(Records contained in a dataset)
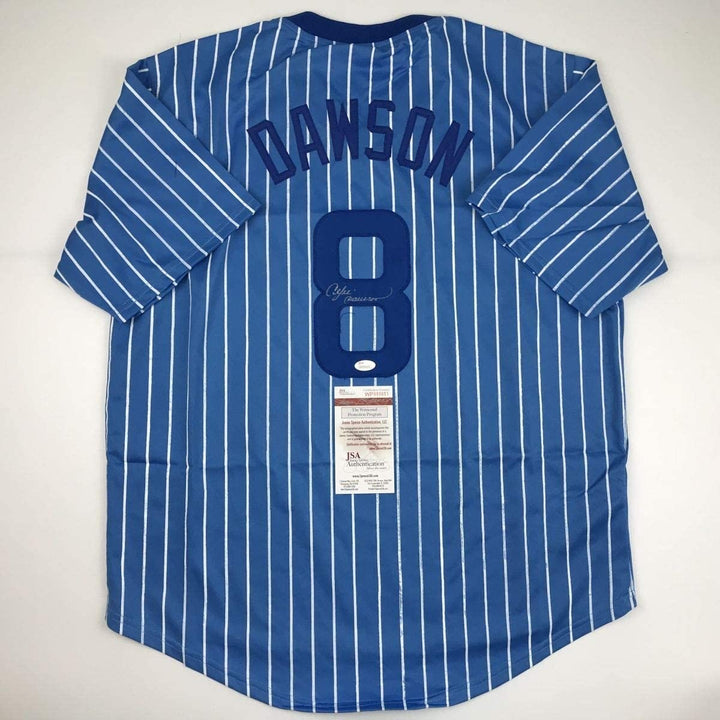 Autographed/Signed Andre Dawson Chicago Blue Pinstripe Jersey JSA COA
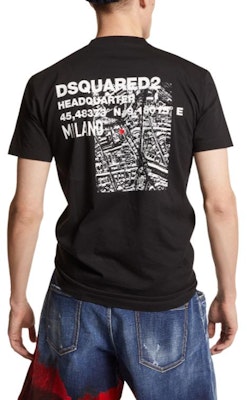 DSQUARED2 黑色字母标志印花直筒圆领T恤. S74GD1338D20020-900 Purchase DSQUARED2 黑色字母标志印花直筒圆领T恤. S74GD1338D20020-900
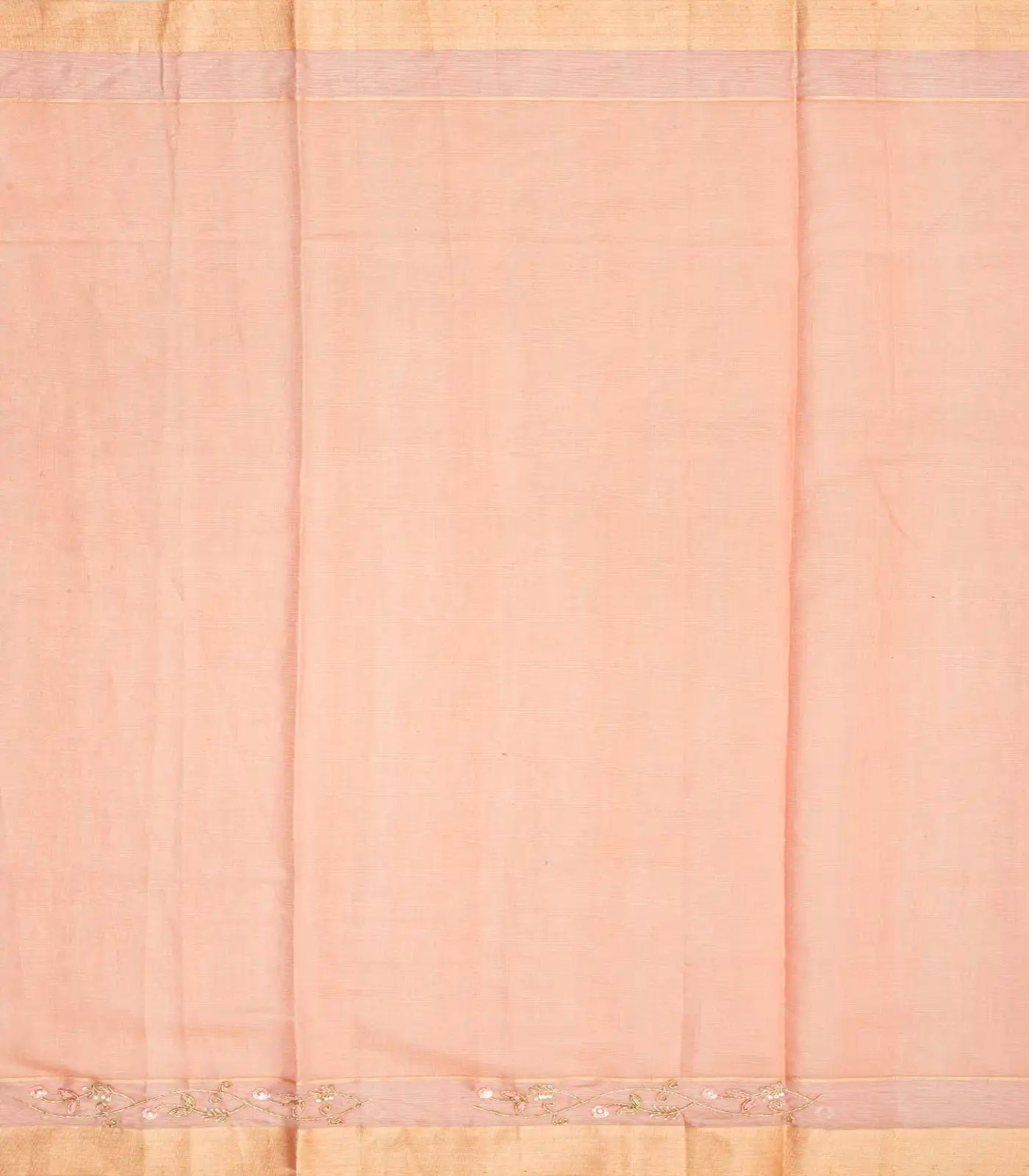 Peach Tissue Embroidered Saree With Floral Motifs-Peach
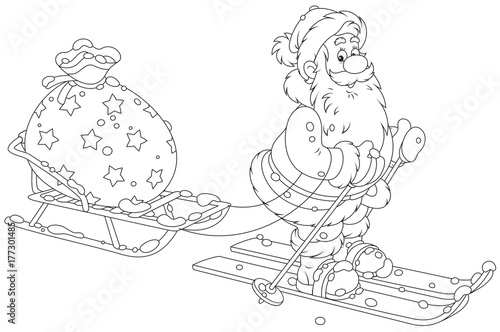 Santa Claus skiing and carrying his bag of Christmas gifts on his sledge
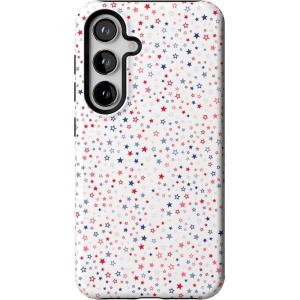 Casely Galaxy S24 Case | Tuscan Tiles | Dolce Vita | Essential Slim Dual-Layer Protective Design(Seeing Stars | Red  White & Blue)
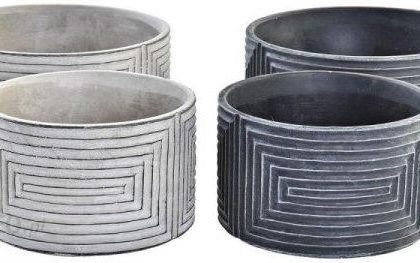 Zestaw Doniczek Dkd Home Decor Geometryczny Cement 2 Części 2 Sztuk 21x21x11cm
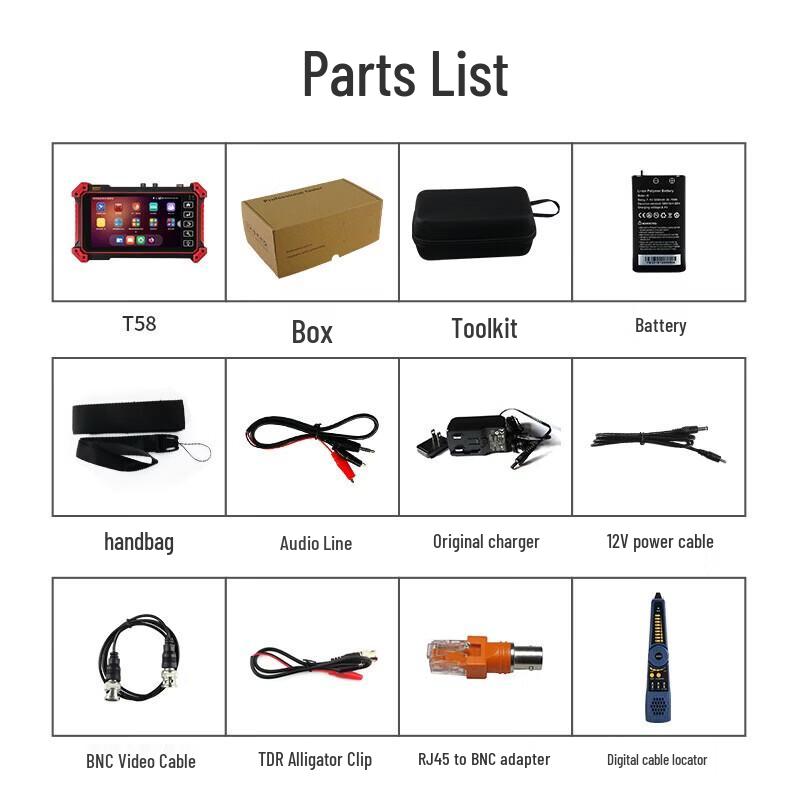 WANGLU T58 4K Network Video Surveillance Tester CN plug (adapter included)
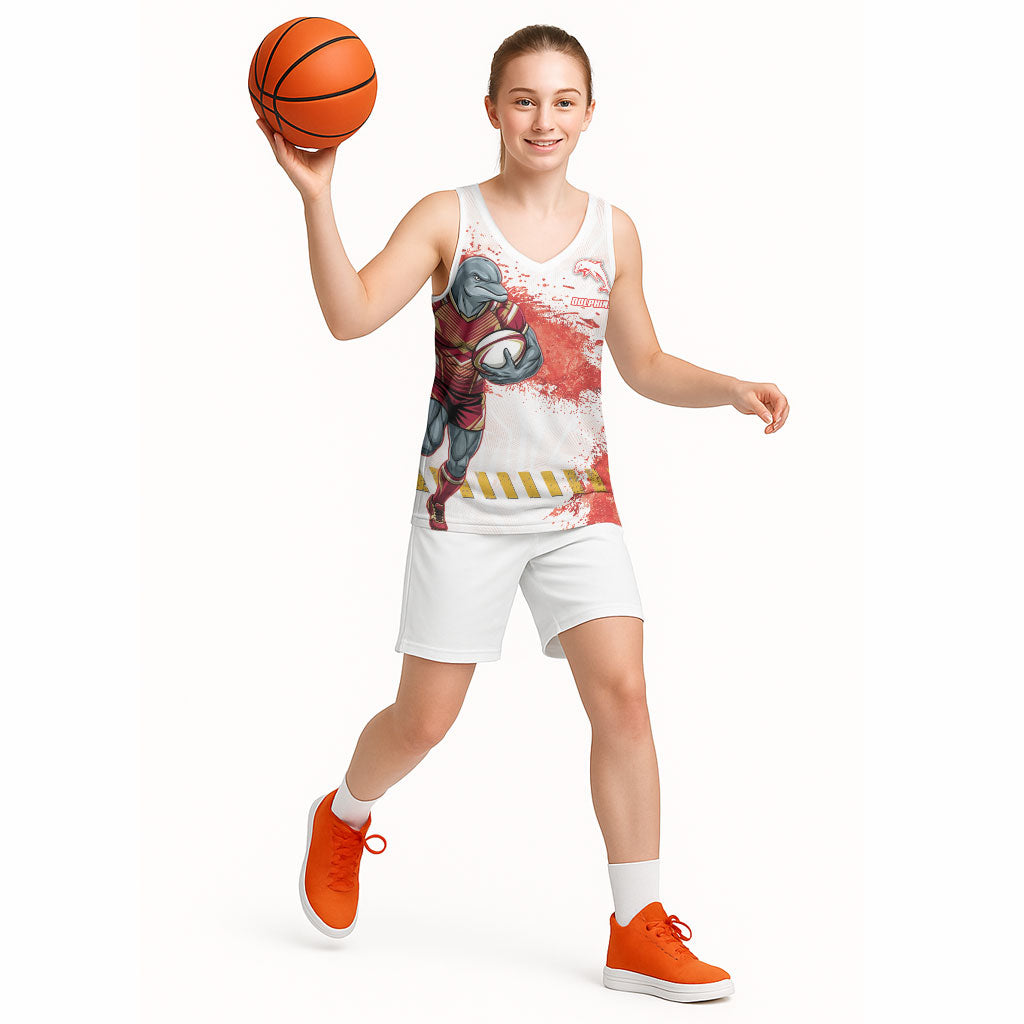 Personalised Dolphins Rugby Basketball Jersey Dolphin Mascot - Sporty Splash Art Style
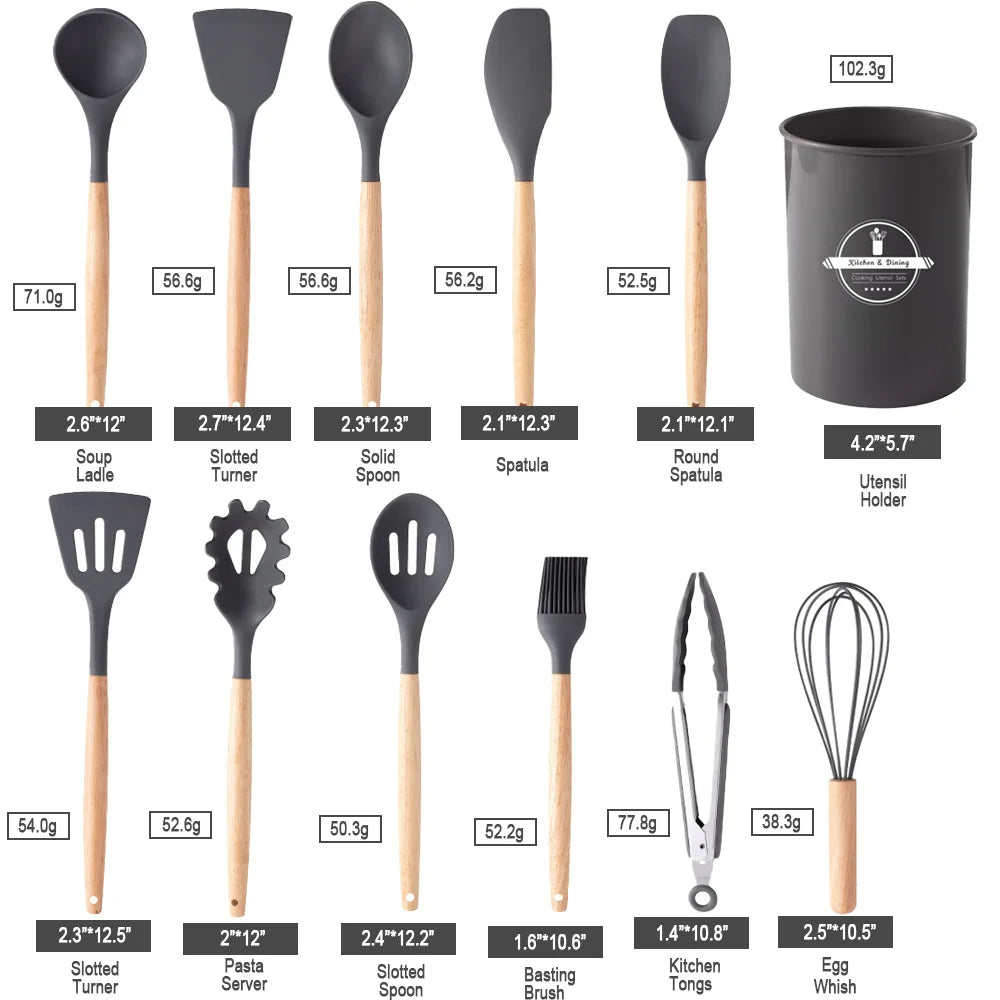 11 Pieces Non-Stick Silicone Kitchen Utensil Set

§ Assignment:
Leaving out every picture, repeat exactly the lines of the records from the start through the line that has "Zestaw Doniczek Dkd".

§ Exercise output:
 Autographed/Signed Andre Dawson Chicago Blue Pinstripe Jersey JSA COA
 DSQUARED2 黑色字母标志印花直筒圆领T恤. S74GD1338D20020-900 Purchase DSQUARED2 黑色字母标志印花直筒圆领T恤. S74GD1338D20020-900
 Peach Tissue Embroidered Saree With Floral Motifs-Peach
 Santa Claus skiing and carrying his bag of Christmas gifts on his sledge
 Casely Galaxy S24 Case | Tuscan Tiles | Dolce Vita | Essential Slim Dual-Layer Protective Design(Seeing Stars | Red  White & Blue)
 Zestaw Doniczek Dkd Home Decor Geometryczny Cement 2 Części 2 Sztuk 21x21x11cm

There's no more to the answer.